尤其是我們的兒子降生後,退休的公公婆婆帶著小保姆替我們照看這個小家夥,讓我和丈夫可以放心地集中精力忙工作和讀書。小家夥長到四、五歲,婆婆主動帶著小保姆和小家夥一起去手風琴學校報名,還樂嗬嗬地負責送和接的工作。小家夥長大以後一直喜歡音樂,這跟他奶奶的手風琴音樂啟蒙有直接的關係。
我曾經要把學手風琴和夥食的費用給婆婆,她不收。她說:“不用啦,今後我們需要的時候再管你們要吧。”那時,丈夫剛剛博士畢業,我們的收入有點捉襟見肘。事實上除了小保姆的工資是我們付,公公婆婆承擔了所有的花銷。遺憾的是,直到他們離世,都沒有要過我們一分錢。
公公婆婆是我見過的最心疼孩子的老人家。記得有一段時間,我把三歲的兒子接到了我和丈夫的家,我想盡一點做媽媽的責任,也是想回避一下爺爺奶奶有些慣孫子的教育方法,同時小保姆也跟過來住。
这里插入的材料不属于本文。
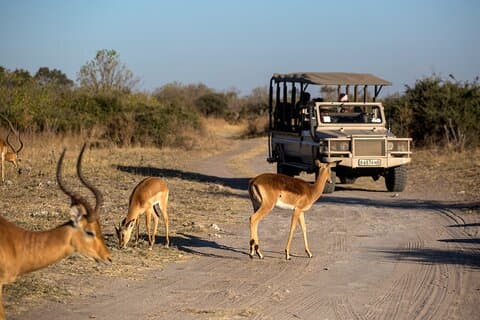 Kapstaden Big Five Safari Heldagstur med lunch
有一天我正在辦公室上班,小保姆打電話說孩子發燒了。我趕快跑回去,一摸,好燙。一量體溫:39度。退燒藥還沒有送到嘴邊,兒子就開始抽上了,並且口吐白沫,牙咬得緊緊的,藥都喂不進去。我和小保姆都被嚇壞了。我想抱著兒子去打出租車,不巧外麵正下著瓢潑大雨。我轉身抄起電話找我單位司機班班長想請求幫忙送兒子去醫院,回答:“公家的車不為私人服務。”情急之下,我電話打到了婆婆家。公公七十多歲的人,由於戰爭中受過傷,腿腳不太靈便。但是那一天,他即刻向他的單位要了一輛車,直奔我家。老人家從來沒有到過我們這個小家,眼神又不濟,大雨中找了好久才找到。萬幸我們最終把爺爺奶奶昵稱的“小家夥”及時送進了醫院,沒有留下任何問題。
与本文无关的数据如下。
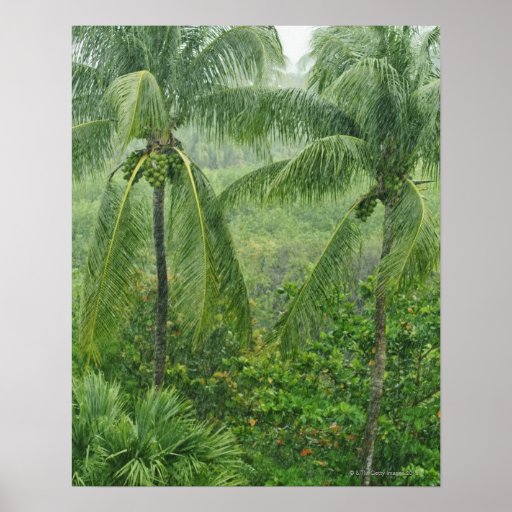 Tropical Rainforest Posters Zazzle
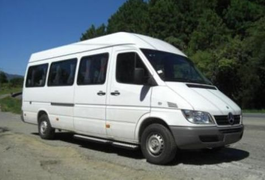 Dupla armada assalta passageiros de transporte alternativo na AL-220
無論婆婆做了什麽,我丈夫都一如既往、毫無“回心轉意”的跡象。
十分十分遺憾的是,直到婆婆87歲突然去世,最終她沒有聽到這個兒子叫一聲“媽媽”。得知這個噩耗,我好難受好自責好痛恨丈夫。在等待簽證那兩天,我常常偷偷地獨自流淚。
婆婆走時,身邊沒有一個親人。當時保姆在電話裏哭著對我說:“姐姐,快回來吧,大媽不行了!”。我瘋了似地給我在當地的閨蜜和朋友們打電話,“請幫我去醫院看看她老人家”、“請幫我找醫生”、“幫我換一家醫院吧”。我的閨蜜立即去了醫院,欣慰的是她和老人說上了話。終究老人家走得太快,未能等到一個家人趕到身邊。她的兒子們當時全在國外。
我著了魔似地擺脫不了自責。腦子裏響著多年前老人家慈祥的聲音,她叫著我的名字說:“陽子,我沒有女兒,我就把你當我的女兒。”我估計她對我的兩個嫂子也說過同樣把她們當女兒的話。我不介意,因為她始終是表裏如一的。